- [Records provided]:
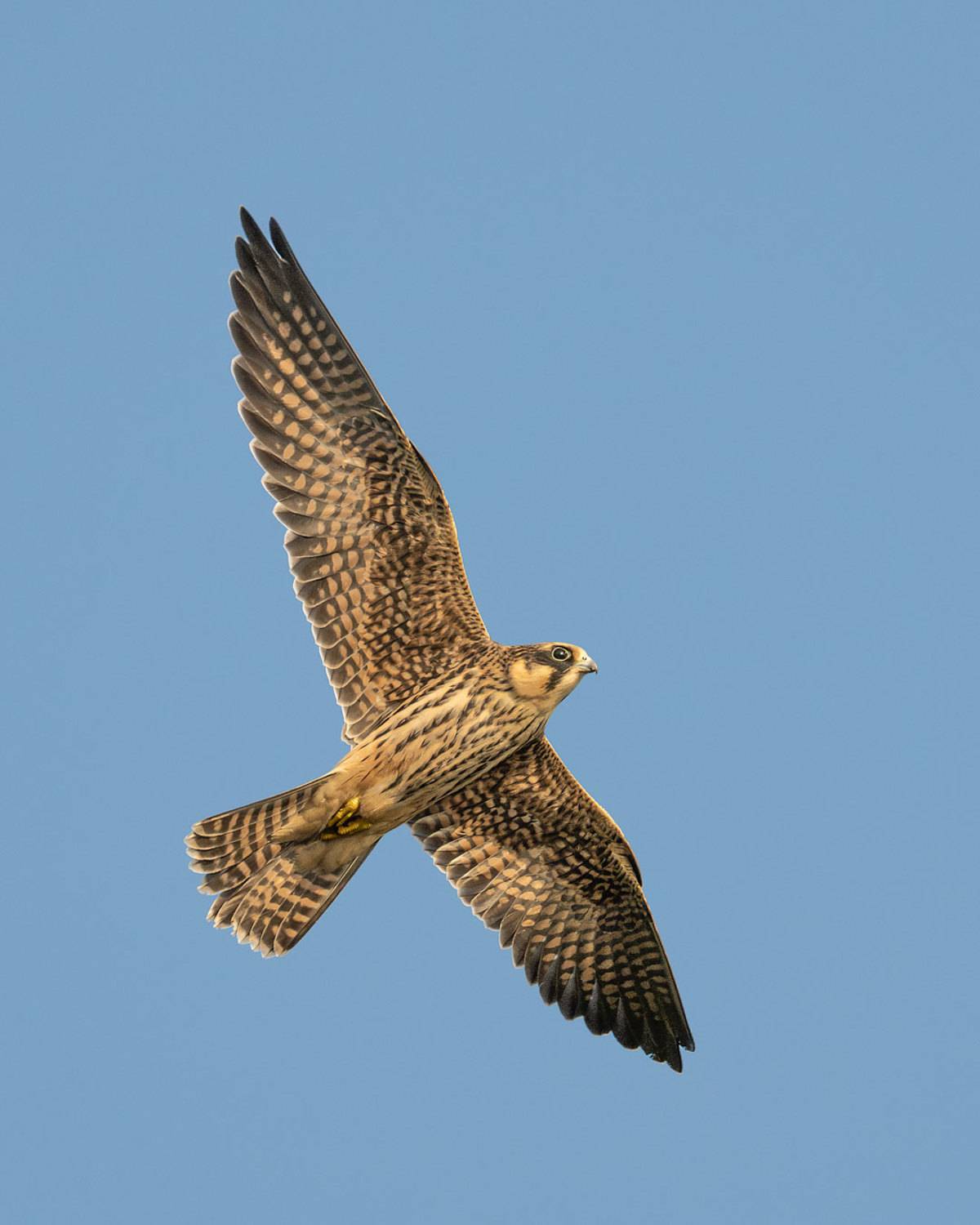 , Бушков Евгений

---

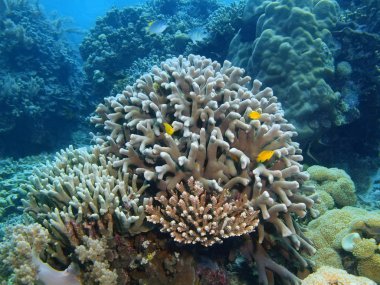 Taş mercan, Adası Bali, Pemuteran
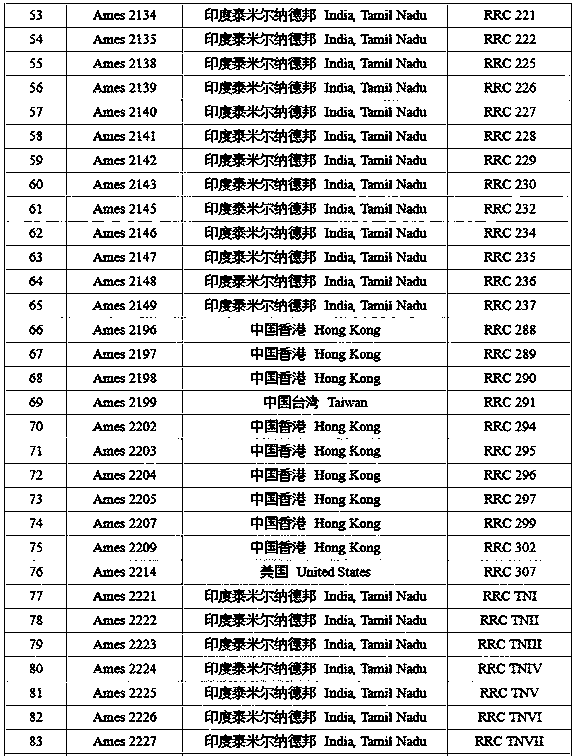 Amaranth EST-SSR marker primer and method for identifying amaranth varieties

* * *

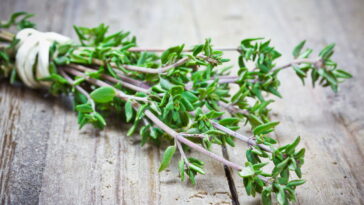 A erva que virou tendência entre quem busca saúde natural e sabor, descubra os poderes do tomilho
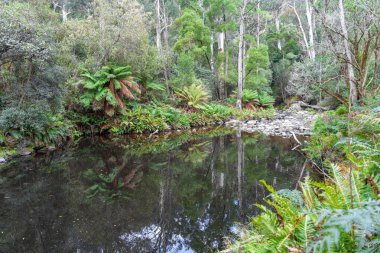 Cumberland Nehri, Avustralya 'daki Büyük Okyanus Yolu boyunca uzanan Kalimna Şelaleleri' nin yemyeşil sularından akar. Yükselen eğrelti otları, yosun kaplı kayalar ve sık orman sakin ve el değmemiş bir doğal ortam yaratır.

- [Exercise]: Above are some entries; copy exactly the lines from the line with "A erva que virou" through the line with "Cumberland Nehri, Avustralya", both included, but none of the pictures.

- [Expected output]:
 A erva que virou tendência entre quem busca saúde natural e sabor, descubra os poderes do tomilho
 Cumberland Nehri, Avustralya 'daki Büyük Okyanus Yolu boyunca uzanan Kalimna Şelaleleri' nin yemyeşil sularından akar. Yükselen eğrelti otları, yosun kaplı kayalar ve sık orman sakin ve el değmemiş bir doğal ortam yaratır.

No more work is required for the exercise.